Overview
The utilities module exports helper functions for character type detection, primarily used internally but available for advanced use cases.
isArabicDiacritic
Check if a character is an Arabic diacritic (tashkeel/harakāt).
A single character to test
Returns: boolean - true if the character is an Arabic diacritic
Example
import { isArabicDiacritic } from 'bitaboom';
console.log(isArabicDiacritic('َ')); // true (fatha)
console.log(isArabicDiacritic('ِ')); // true (kasra)
console.log(isArabicDiacritic('ّ')); // true (shadda)
console.log(isArabicDiacritic('ب')); // false (letter ba)
console.log(isArabicDiacritic('a')); // false (Latin letter)
Detected diacritics
This function detects all Arabic diacritical marks including:
- Short vowels: fatha (َ), damma (ُ), kasra (ِ)
- Sukun (ْ)
- Shadda (ّ)
- Tanween marks
- Other diacritics in the Unicode ranges U+064B-U+0652, U+0670, U+0617-U+061A, U+06D6-U+06ED
isArabicLetter
Check if a character is an Arabic letter.
A single character to test
Returns: boolean - true if the character is an Arabic letter
Example
import { isArabicLetter } from 'bitaboom';
console.log(isArabicLetter('ب')); // true
console.log(isArabicLetter('ا')); // true
console.log(isArabicLetter('ع')); // true
console.log(isArabicLetter('َ')); // false (diacritic)
console.log(isArabicLetter('a')); // false (Latin letter)
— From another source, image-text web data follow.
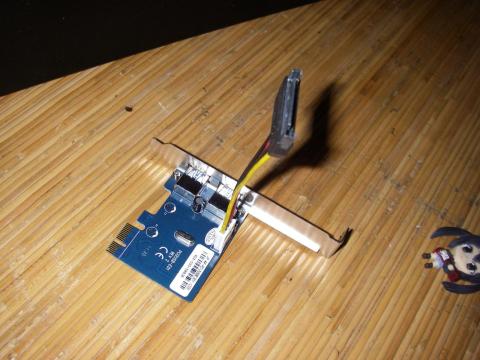 そのケーブルをこのように繋ぎます。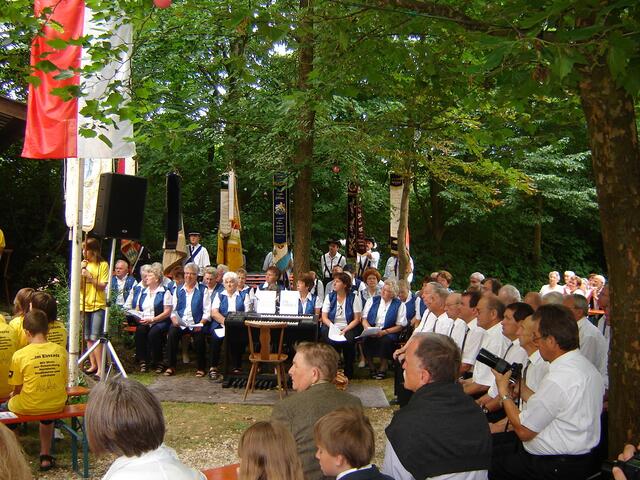Kirchenchor Reisensburg und Männerchor Leinheim | Foto: H. Nimsgern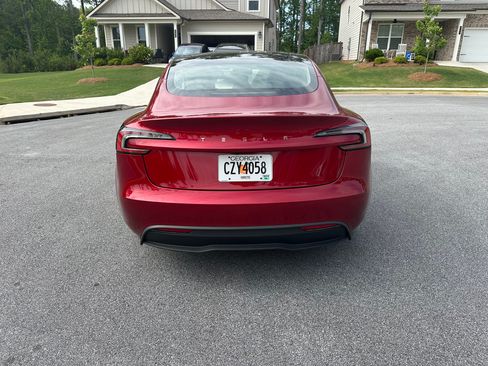 Used 2024 Tesla Model 3 Standard Range RWD image 8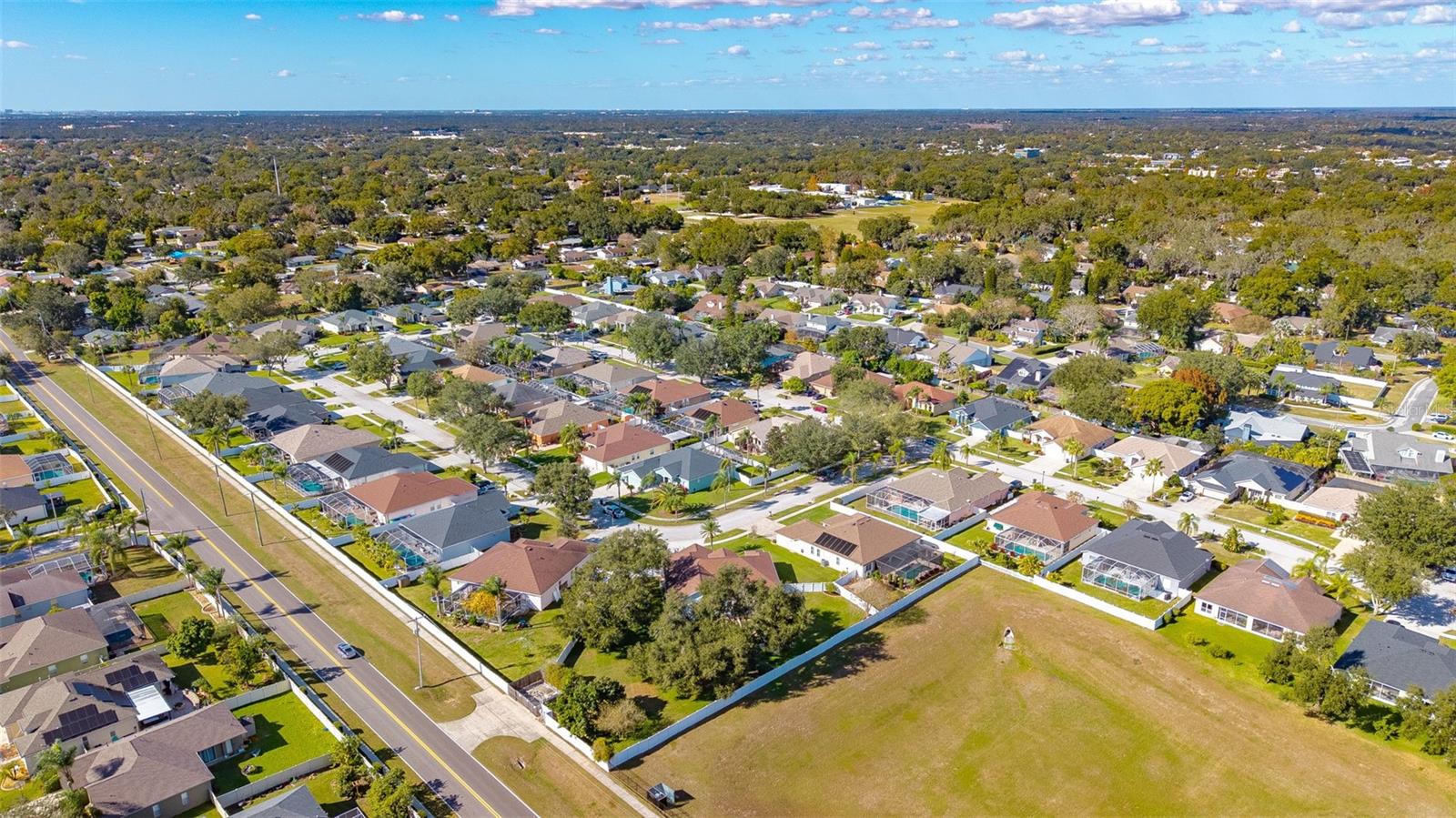 Listing photo id 54 for 2808 Duncan Tree Circle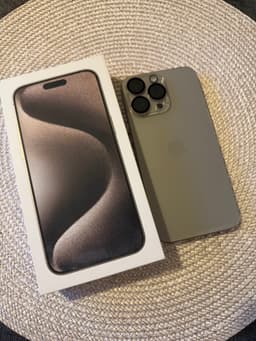 iPhone 15 Pro Max, 256 GB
console.log(isArabicLetter('5')); // false (digit)
Detected letters
This function detects Arabic letters in the Unicode range U+0621-U+064A, which includes:
- All basic Arabic letters (ا-ي)
- Hamza variants
- Common Arabic letter forms
isLatinLetter
Check if a character is a Latin letter.
A single character to test
Returns: boolean - true if the character is a Latin letter (a-z, A-Z)
Example
import { isLatinLetter } from 'bitaboom';
console.log(isLatinLetter('a')); // true
console.log(isLatinLetter('Z')); // true
console.log(isLatinLetter('ب')); // false (Arabic letter)
console.log(isLatinLetter('5')); // false (digit)
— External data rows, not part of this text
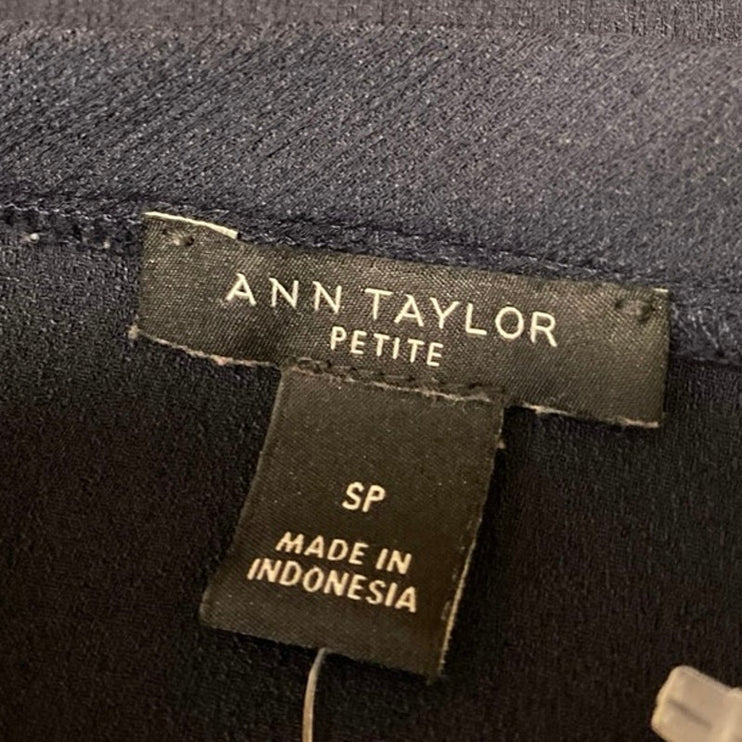Ann Taylor Women's Navy Blue Short Sleeve Round Neck T Shirt Tee Top Size S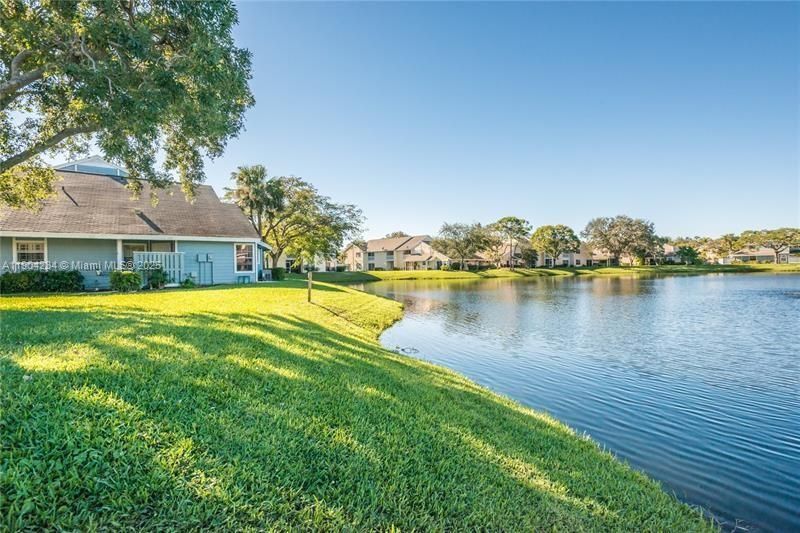 На продажу: $282,000 (2 спален, 2 ванн, 1186 Квадратных фут)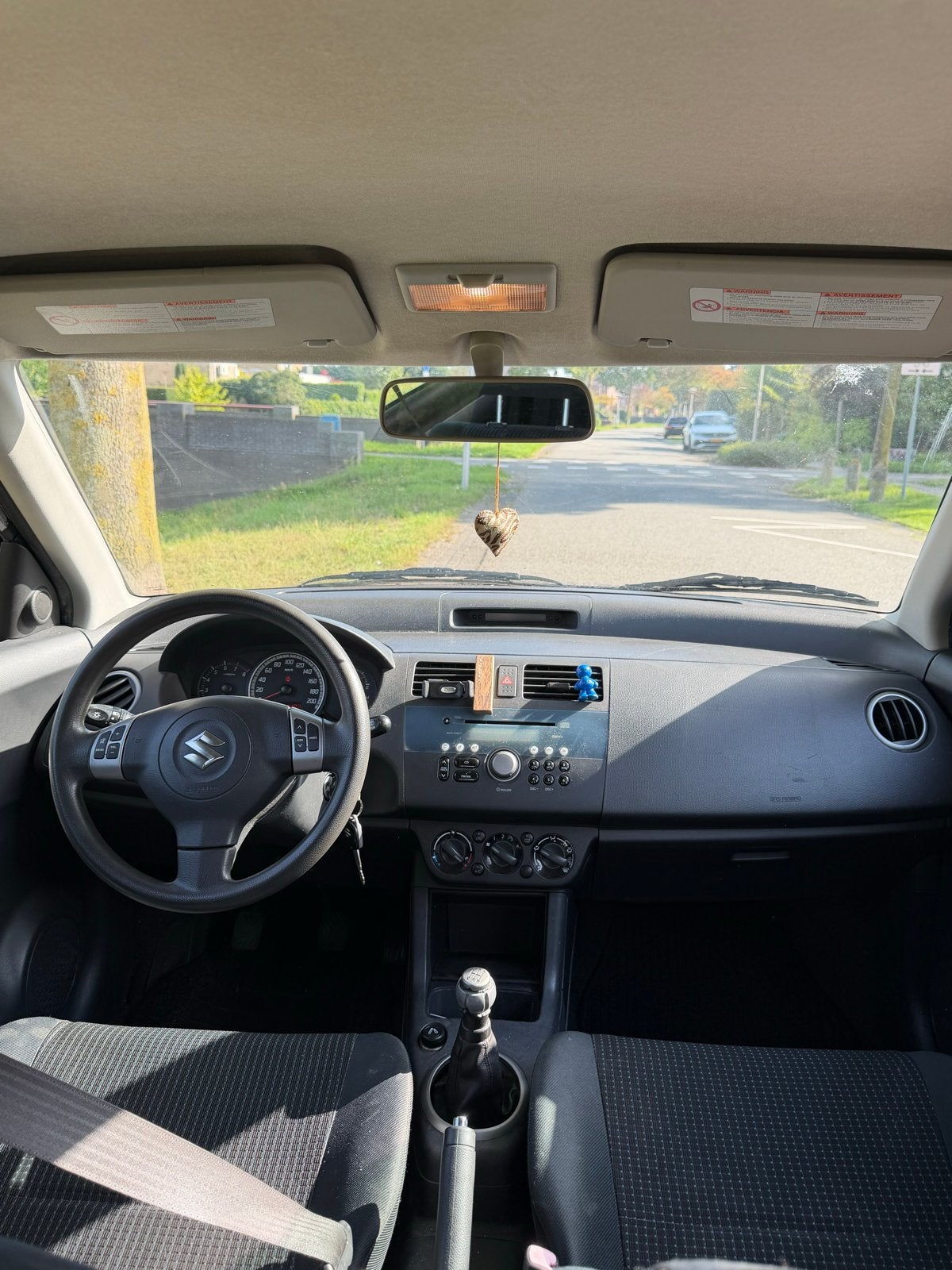 Foto 12 van Suzuki Swift 1.3 5D Airco – APK 03-2027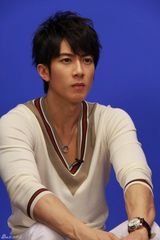 高清组图：吴尊做客新浪花絮照 阳光美男表情百变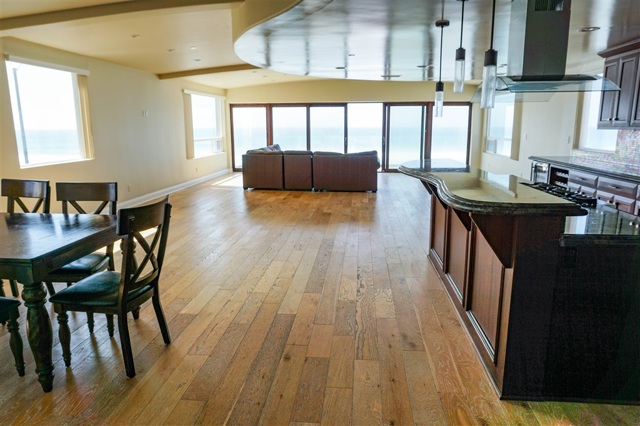 516 S The Strand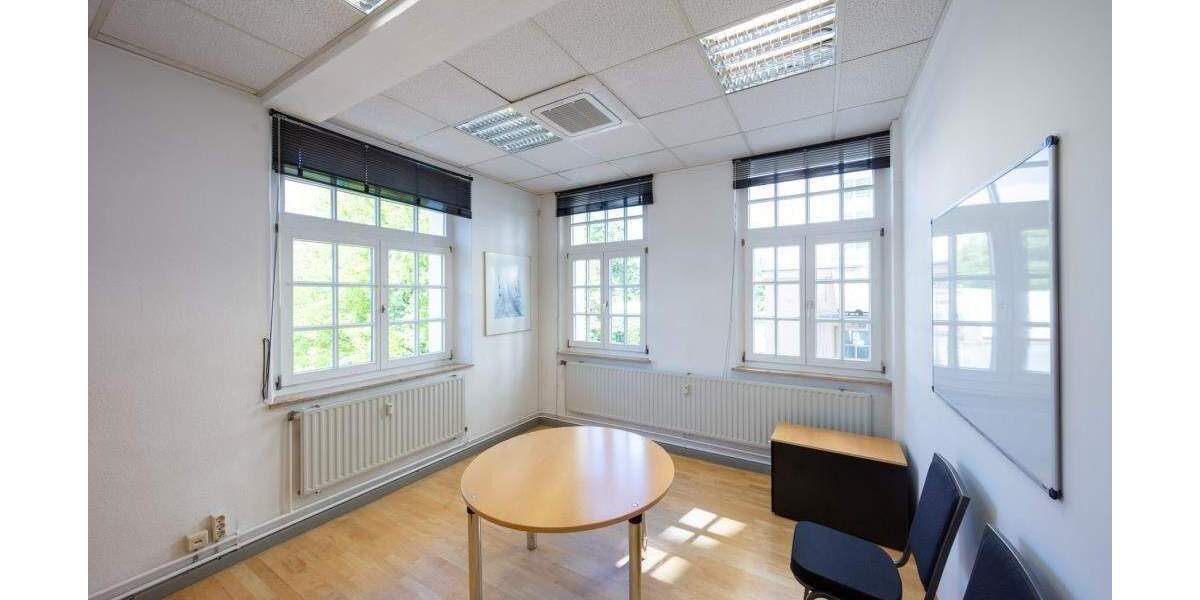 Gewerbeobjekt Nürnberg Schafhof - 6 Zimmer, 242 m&sup2;, 1.936&euro; | Angebot:25709916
console.log(isLatinLetter(' ')); // false (space)
Detected letters
This function detects:
- Lowercase letters: a-z
- Uppercase letters: A-Z
This function does NOT include Latin letters with diacritics (ā, ī, ū, etc.). It only matches basic ASCII letters.
Common use cases
Analyzing text composition
import { isArabicLetter, isLatinLetter, isArabicDiacritic } from 'bitaboom';
function analyzeText(text: string) {
let arabicLetters = 0;
let latinLetters = 0;
let diacritics = 0;
for (const char of text) {
if (isArabicDiacritic(char)) diacritics++;
else if (isArabicLetter(char)) arabicLetters++;
else if (isLatinLetter(char)) latinLetters++;
}
return { arabicLetters, latinLetters, diacritics };
}
console.log(analyzeText('بِسْمِ اللَّهِ'));
// { arabicLetters: 7, latinLetters: 0, diacritics: 5 }
console.log(analyzeText('Hello مرحبا'));
// { arabicLetters: 5, latinLetters: 5, diacritics: 0 }
Stripping diacritics while preserving letters
import { isArabicDiacritic } from 'bitaboom';
function stripDiacritics(text: string): string {
return Array.from(text)
.filter(char => !isArabicDiacritic(char))
.join('');
}
console.log(stripDiacritics('بِسْمِ اللَّهِ')); // بسم الله
Detecting script type
import { isArabicLetter, isLatinLetter } from 'bitaboom';
function detectScript(text: string): 'arabic' | 'latin' | 'mixed' | 'other' {
let hasArabic = false;
let hasLatin = false;
for (const char of text) {
if (isArabicLetter(char)) hasArabic = true;
if (isLatinLetter(char)) hasLatin = true;
}
if (hasArabic && hasLatin) return 'mixed';
if (hasArabic) return 'arabic';
if (hasLatin) return 'latin';
return 'other';
}
console.log(detectScript('مرحبا')); // arabic
console.log(detectScript('Hello')); // latin
console.log(detectScript('Hello مرحبا')); // mixed
These functions are optimized for single-character checks. For analyzing entire strings, consider using higher-level functions like getArabicScore from the arabic module.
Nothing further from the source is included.